In addition of derive(Nom), a Selector attribute must be used:

• on the structure, to specify the type of selector to match
• on each variant, to specify the value associated with this variant.

#[derive(Nom)]
#[nom(Selector="u8")]
pub enum U1{
    #[nom(Selector="0")] Field1(u32),
    #[nom(Selector="1")] Field2(Option<u32>),
}

The generated function will look like:

impl U1{
    pub fn parse(i:&[u8), selector: u8) -> IResult<&[u8],U1> {
        match selector {
            ...
        }
    }
}

It can be called either directly (U1::parse(n)) or using nom (call!(U1::parse,n)).

The selector can be a primitive type (u8), or any other type implementing the PartialEq trait.

#[derive(Debug,PartialEq,Eq,Clone,Copy,Nom)]
pub struct MessageType(pub u8);

#[derive(Nom)]
#[nom(Selector="MessageType")]
pub enum U1{
    #[nom(Selector="MessageType(0)")] Field1(u32),
    #[nom(Selector="MessageType(1)")] Field2(Option<u32>),
}

// Example of call from a struct:
#[derive(Nom)]
pub struct S1{
    pub msg_type: MessageType,
    #[nom(Parse="{ |i| U1::parse(i, msg_type) }")]
    pub msg_value: U1
}

Default case

By default, if no value of the selector matches the input value, a nom error ErrorKind::Switch is raised. This can be changed by using _ as selector value for one the variants.

#[derive(Nom)]
#[nom(Selector="u8")]
pub enum U2{
    #[nom(Selector="0")] Field1(u32),
    #[nom(Selector="_")] Field2(u32),
}

If the _ selector is not the last variant, the generated code will use it as the last match to avoid unreachable code.

Special case: specifying parsers for fields

Sometimes, an unnamed field requires a custom parser. In that case, the field (not the variant) must be annotated with attribute Parse.

Named fields:

#[derive(Nom)]
#[nom(Selector="MessageType")]
pub enum U3<'a>{
    #[nom(Selector="MessageType(0)")] Field1{a:u32},
    #[nom(Selector="MessageType(1)")] Field2{
        #[nom(Parse="take(4 as usize)")]
        a: &'a[u8]
    },
}

Unnamed fields:

#[derive(Nom)]
#[nom(Selector="MessageType")]
pub enum U3<'a>{
    #[nom(Selector="MessageType(0)")] Field1(u32),
    #[nom(Selector="MessageType(1)")] Field2(
        #[nom(Parse="take(4 as usize)")] &'a[u8]
    ),
}

Special case: fieldless enums

If the entire enum is fieldless (a list of constant integer values), a parser can be derived if

• the Enum has a repr(ty) attribute, with ty an integer type
• the Enum implements the Eq trait

In that case, the Selector attribute must not be specified.

#[repr(u8)]
#[derive(Eq,Nom)]
pub enum U3{
    A,
    B = 2,
    C
}

The generated parser will parse an element of type ty (as Big Endian), try to match to enum values, and return an instance of Enum if it succeeds (wrapped in an IResult).

For ex, U3::parse(b"\x02") will return Ok((&b""[..],U3::B)).

Limitations

Except if the entire enum is fieldless (a list of constant integer values), unit fields are not supported.

Debug

Errors in generated parsers may be hard to understand and debug.

The Debug attribute insert calls to nom's dbg_dmp function, which will print an error message and the input if the parser fails.
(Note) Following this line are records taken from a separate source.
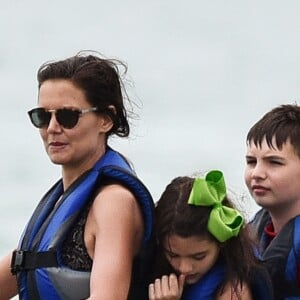 Exclusif - Katie Holmes et sa fille Suri font du jet ski avec des amis à Miami, le 17 avril 2017.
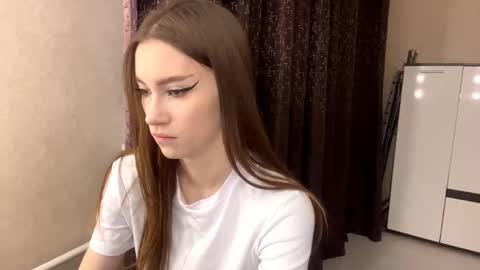 Snapshot of trishaawbrey chatting on 11.09.25 Ur Trisha online show from 11.09.25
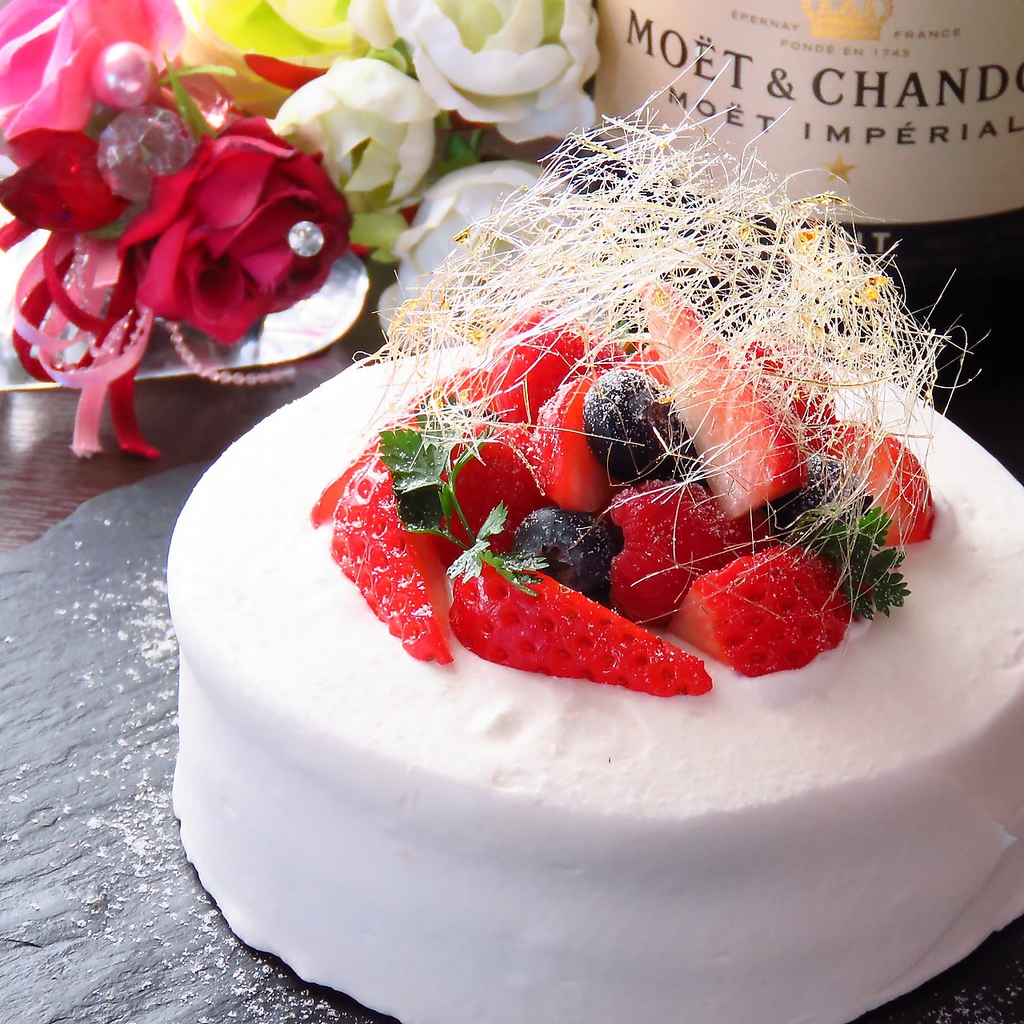 各種宴会コースご利用時は+1000円でメッセージ花火付き特製ケーキをプレゼント！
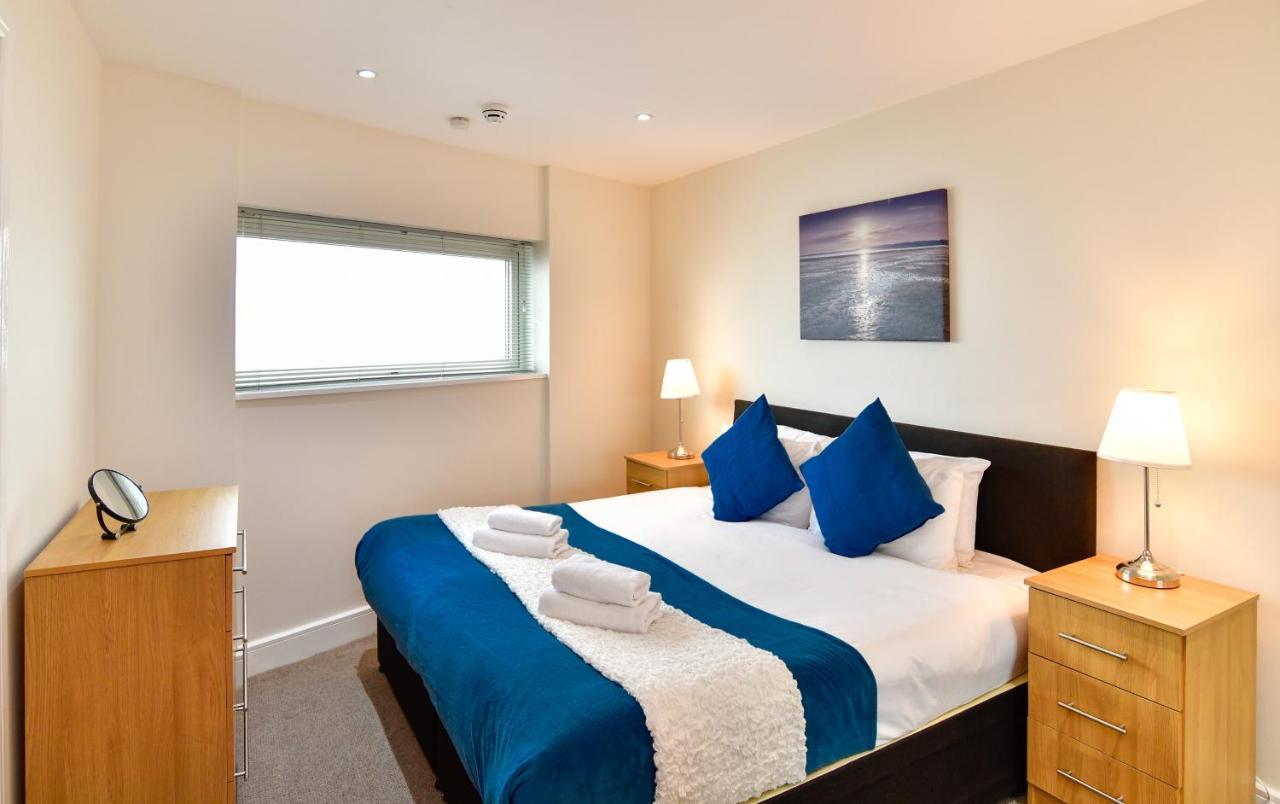 Meridian Quay Apartments, By Jsw Short *
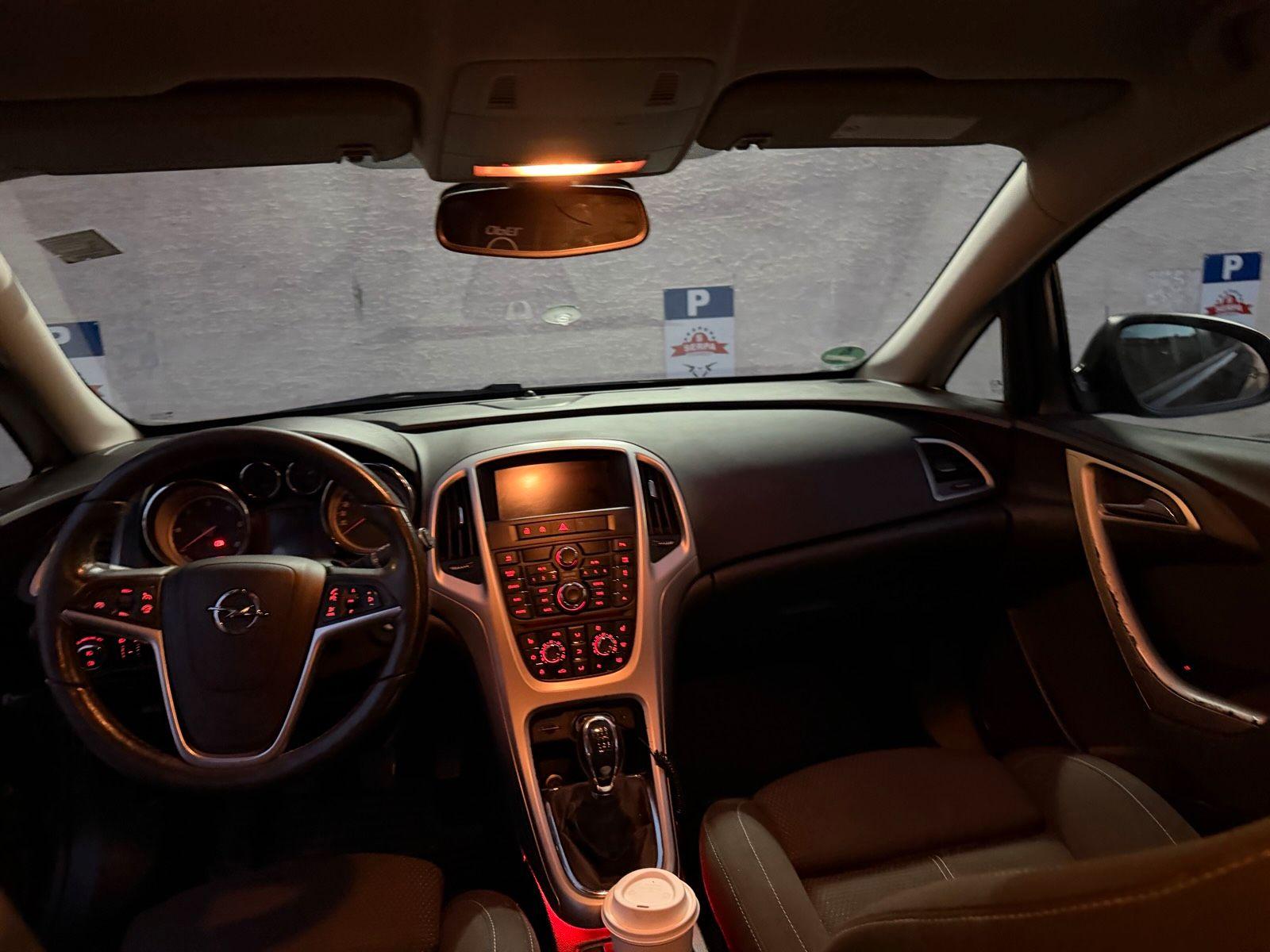 Opel Astra 2013 — photo 9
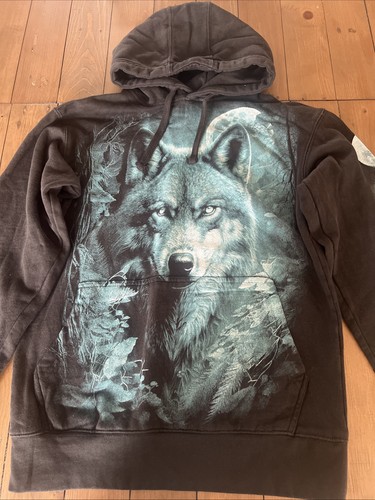 Spiral wolves graphic black - graphic,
This attribute can be applied to either fields, or at top-level (all sub-parsers will be wrapped).

This helps resolving parse errors (at runtime).

#[derive(Nom)]
pub struct S {
    pub a: u32,
    #[nom(Debug)]
    pub b: u64,
}

DebugDerive

The DebugDerive attribute, if applied to top-level, makes the generator print the generated code to stderr.

This helps resolving compiler errors.

#[derive(Nom)]
#[nom(DebugDerive)]
pub struct S {
    pub a: u32,
}